The embodiment of the invention provides a named entity identification method and device based on a small sample, computer equipment and a storage medium, wherein the method comprises the following steps: acquiring sample data, and labeling an entity label on the sample data to construct a first sample set; selecting pivot characters in the first sample set, and constructing a label mapping space based on the pivot characters; mapping the first set of samples to a second set of samples using the label mapping space; fine-tuning a pre-training language model by using the second sample set; and carrying out named entity recognition prediction on the specified text by adopting the fine-tuned pre-training language model.
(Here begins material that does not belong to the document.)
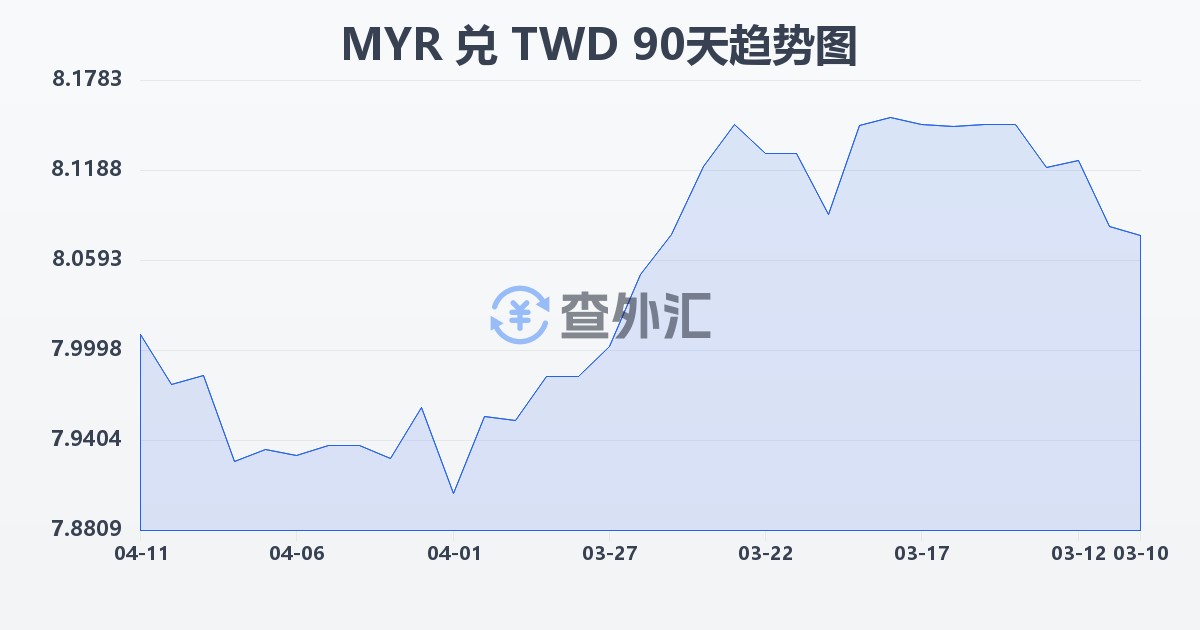 马来西亚林吉特兑新台币(MYR/TWD)近90天汇率走势图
According to the embodiment of the invention, the most representative pivot character is selected to construct the label mapping space so as to map the sample data, and then the second sample set obtained by mapping is utilized to finely tune the pre-training language model, so that the finely tuned pre-training language model is utilized to carry out named entity recognition prediction, and the named entity recognition efficiency and precision can be improved.

Drawings

In order to more clearly illustrate the technical solutions of the embodiments of the present invention, the drawings required to be used in the description of the embodiments are briefly introduced below, and it is obvious that the drawings in the description below are some embodiments of the present invention, and it is obvious for those skilled in the art to obtain other drawings based on the drawings without creative efforts.
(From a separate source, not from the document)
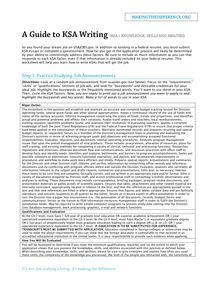 A guide to ksa writing (ksa = knowledge, skills and abilities)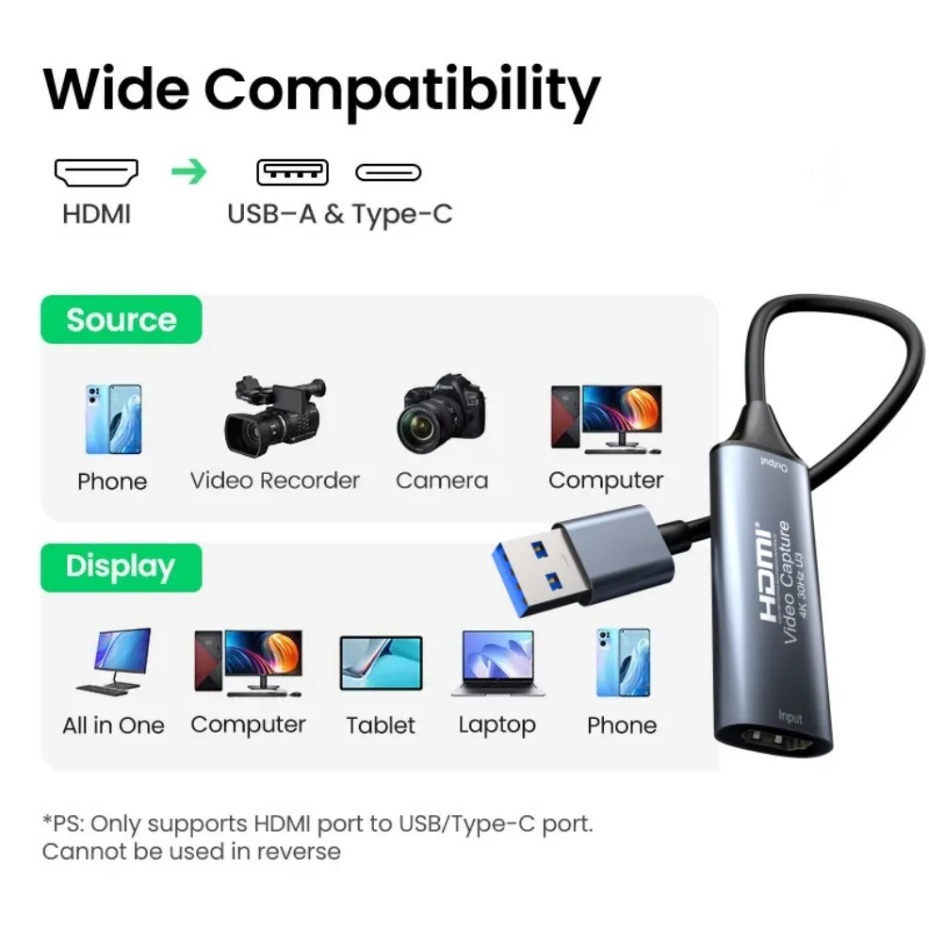 USB-C 2.0/3.0 HDMI Video Captu - Gaming Console And Pc 评论和价格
Fig. 1 is a schematic flowchart of a named entity identification method based on a small sample according to an embodiment of the present invention;

fig. 2 is a schematic network structure diagram of a named entity identification method based on a small sample according to an embodiment of the present invention;

fig. 3 is a schematic diagram of a prediction flow of a named entity recognition method based on a small sample according to an embodiment of the present invention;

fig. 4 is a schematic block diagram of a named entity recognition apparatus based on a small sample according to an embodiment of the present invention.

Detailed Description

The technical solutions in the embodiments of the present invention will be clearly and completely described below with reference to the drawings in the embodiments of the present invention, and it is obvious that the described embodiments are some, not all, embodiments of the present invention. All other embodiments, which can be derived by a person skilled in the art from the embodiments given herein without making any creative effort, shall fall within the protection scope of the present invention.
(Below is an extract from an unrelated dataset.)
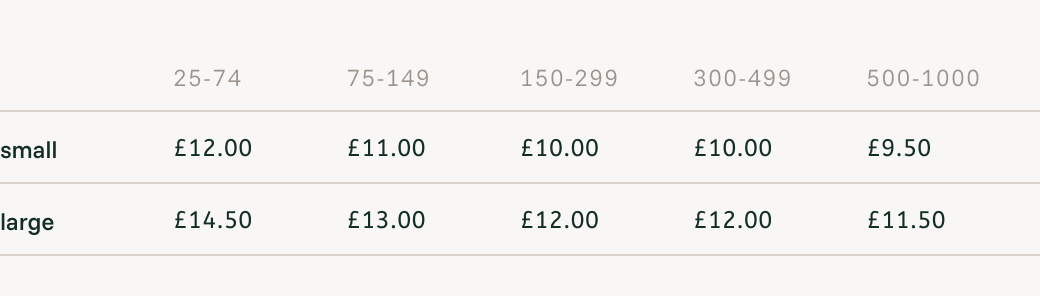 Eclipse Eclipse bag Your Fabric price list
It will be understood that the terms "comprises" and/or "comprising," when used in this specification and the appended claims, specify the presence of stated features, integers, steps, operations, elements, and/or components, but do not preclude the presence or addition of one or more other features, integers, steps, operations, elements, components, and/or groups thereof.

It is also to be understood that the terminology used in the description of the invention herein is for the purpose of describing particular embodiments only and is not intended to be limiting of the invention. As used in this specification and the appended claims, the singular forms "a", "an", and "the" are intended to include the plural forms as well, unless the context clearly indicates otherwise.

It should be further understood that the term "and/or" as used in this specification and the appended claims refers to and includes any and all possible combinations of one or more of the associated listed items.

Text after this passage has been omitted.